Our Must Do Rides series features some of the best routes around the world. This ride comes from Barcelona-based photographer and cyclist Brazo de Hierro.
Barcelona is one of the most popular tourist destinations in Europe, by the city’s own reports it receives over 12 million visitors a year. Most people could probably place it on a map. What they know about the city might include the nightlife, the architecture of Gaudi, the mild Mediterranean weather, and the beautiful beaches. But there is another side to Catalunya, beyond what most tourists experience.
Simply cross over Collserola mountain, in the backyard of Barcelona, and you’ll find a cycling paradise. There are a few ways to get there: you can take a 40-minute train ride, or ride your bike across the “Forat del Vent” or climb up to Tibidabo Amusement Park before descending to Sant Cugat. This small village, located just 16 kilometers from the city center of Barcelona, is where we started our ride.
We began (as I would recommend you do) with a coffee on the terrace of the Somewhere Cafe in Sant Cugat. Then, we started off towards the village of Terrassa, until we reached the road to Castellar del Valles. We’d gotten a late start, and a relentless sun-baked every kilometer at a temperature of 34ºC.
Our route covers nearly 100 kilometers with just over 1,800 meters of climbing. Starting from Sant Cugat, we headed towards Sant Llorenç Savall, entering the Sant Llorenç del Munt i l’Obac Natural Park. Here we found the “El Perro” segment. With hairpin turns and near-vertical walls, this is a mythical spot in this area. Once above El Perro, we descended towards Sant Llorenç Savall. We went directly to Cafe-Bar Royal in Sant Llorenç Savall, which is a classic stop in this area. It isn't the best bar in the world, or the most beautiful, and it doesn't have the best coffee, but it does have a charm that will take you straight back into old-world Spain.
Seizing the occasion, we had a surprise for Toni, co-founder of the RAW Cycling Magazine, whose birthday was a few days ago. Without him knowing anything, we met up with a few friends of his and we surprised him for his birthday.
In Sant Llorenç Savall there is a bakery where you could buy the best croissants in the area. Toni loves the croissant from that bakery – especially the ones stuffed with white chocolate.
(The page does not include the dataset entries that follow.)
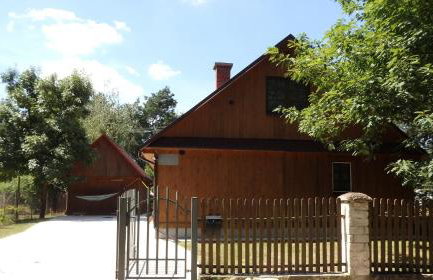 Godzisz - domek rekreacyjny - Foto 4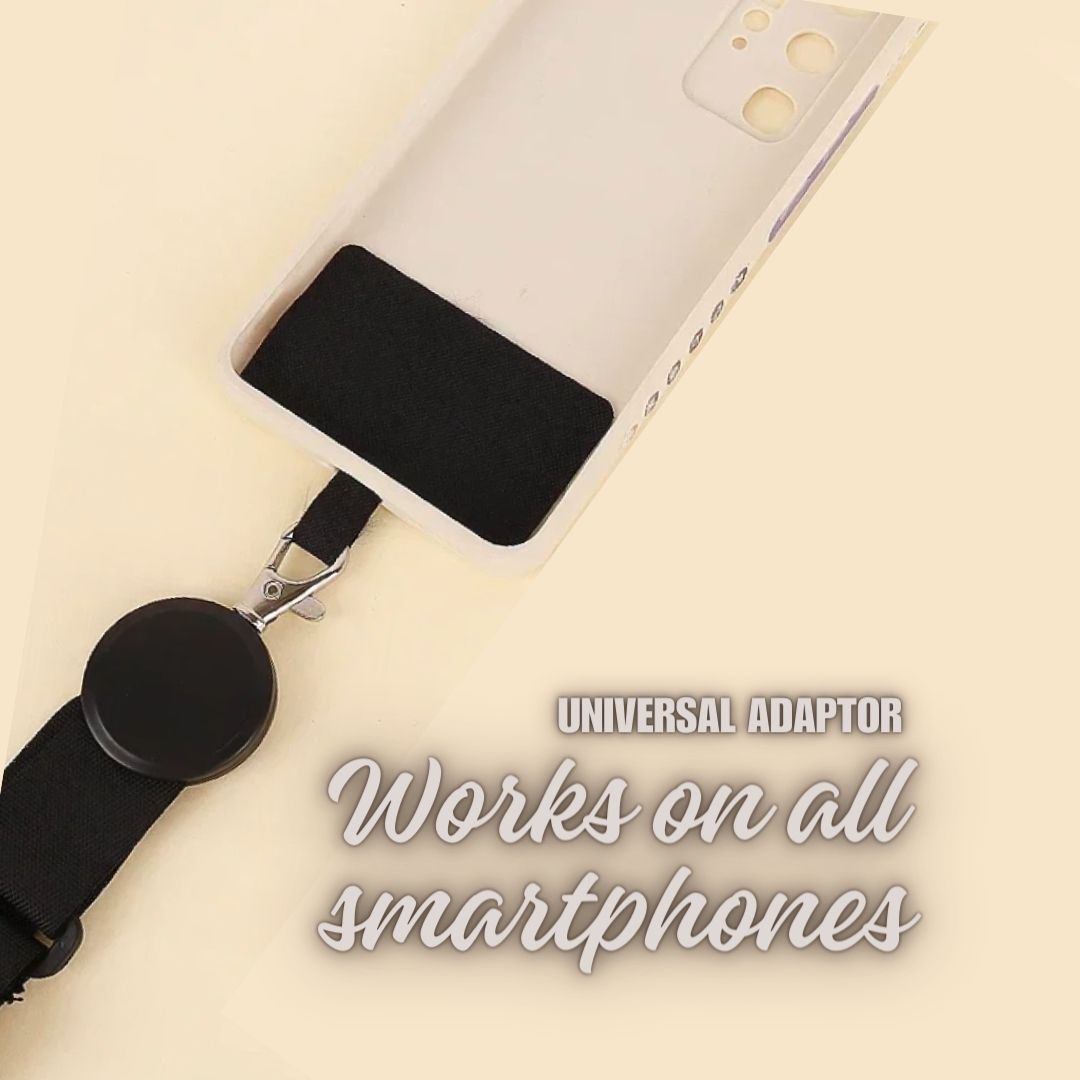Mandy Mobile Phone Strap | ClaudiaG Collection
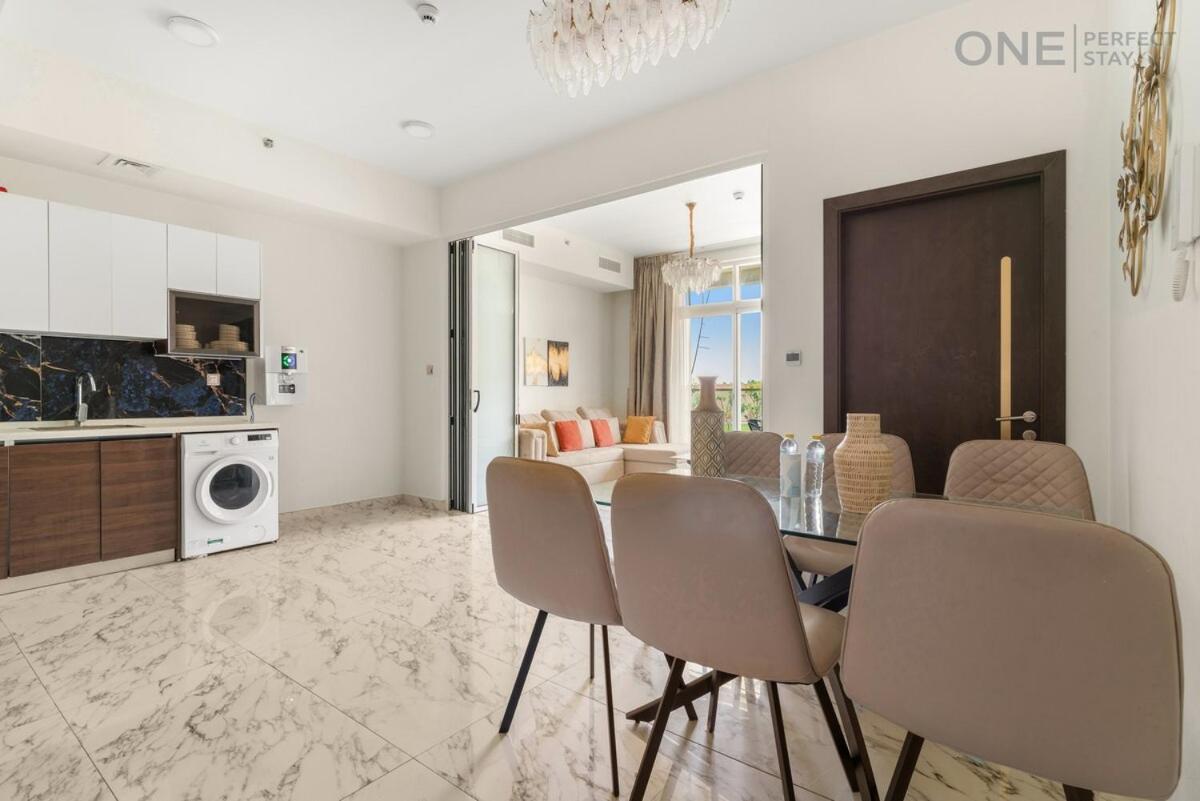 Stylish & Peaceful 1br In Arjan With Pool And Gym
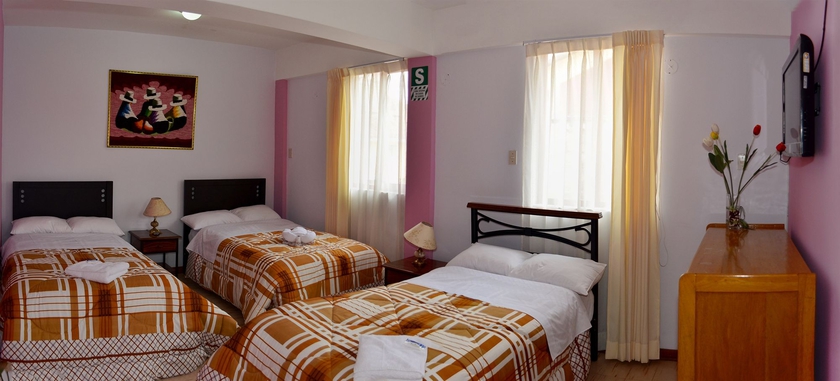 Imagen de la habitación del Hotel Sonnenthal Bed and Breakfast Cusco. Foto 14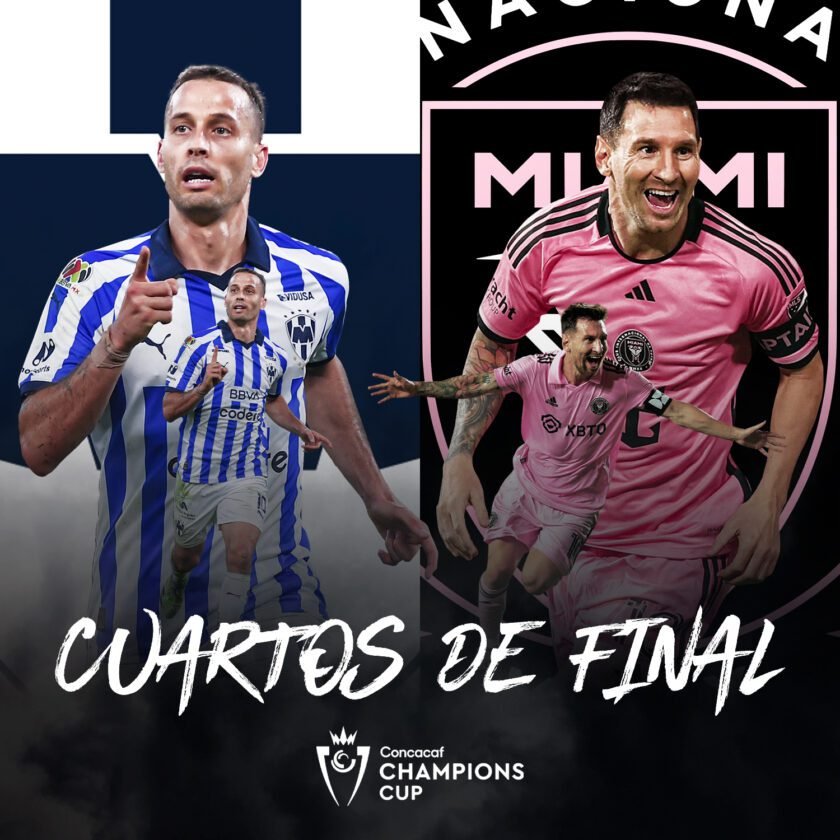 Rayados vence al FC Cincinnati y será el rival del Inter Miami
So for that reason, there was no birthday cake, but a GIANT white chocolate croissant.
Toni didn't turn 341 years old, he turned 35, but a culinary conundrum left us without number 5... So, we made a 34 + 1!
While we celebrated our friend’s birthday, the weather changed fast, and the hellish heat turned into a summer storm. This isn’t uncommon in the Mediterranian and we had no choice but to wait for the storm to pass and continue with the route to the next point, Gallifa. Fortunately, the storm refreshed the atmosphere and left the entire road wet. After the heat that we had before, this was a welcomed way to continue the route.
Once we reached the top of Gallifa, we went down towards Sant Feliu de Codines, with caution as the road was still wet. The temperature was perfect for riding in summer.
Since we had lost a lot of time with the giant croissant and the storm, we decided to increase the pace. We could also feel another storm was approaching, it was 7:30 p.m. and we were running out of natural light with a few kilometers ahead.
So, from Sant Feliu de Codines to Sabadell, passing through Caldes de Montbui, Sentmenat, there was not much time for more than just pedal at a good rhythm. That is, until we reached Sabadell, where Victor had a puncture. And while we waited for Victor to fix the puncture, the storm hit us again.
Fully soaked by rain, we finished the route. The last hours of natural light and the wet roads made for some very nice shots and we continued pedaling with a nice rhythm towards Rubi, to be able to finish the route back where we started at the Somewhere Cafe. A tidy 92 kilometers in the backyard of Barcelona.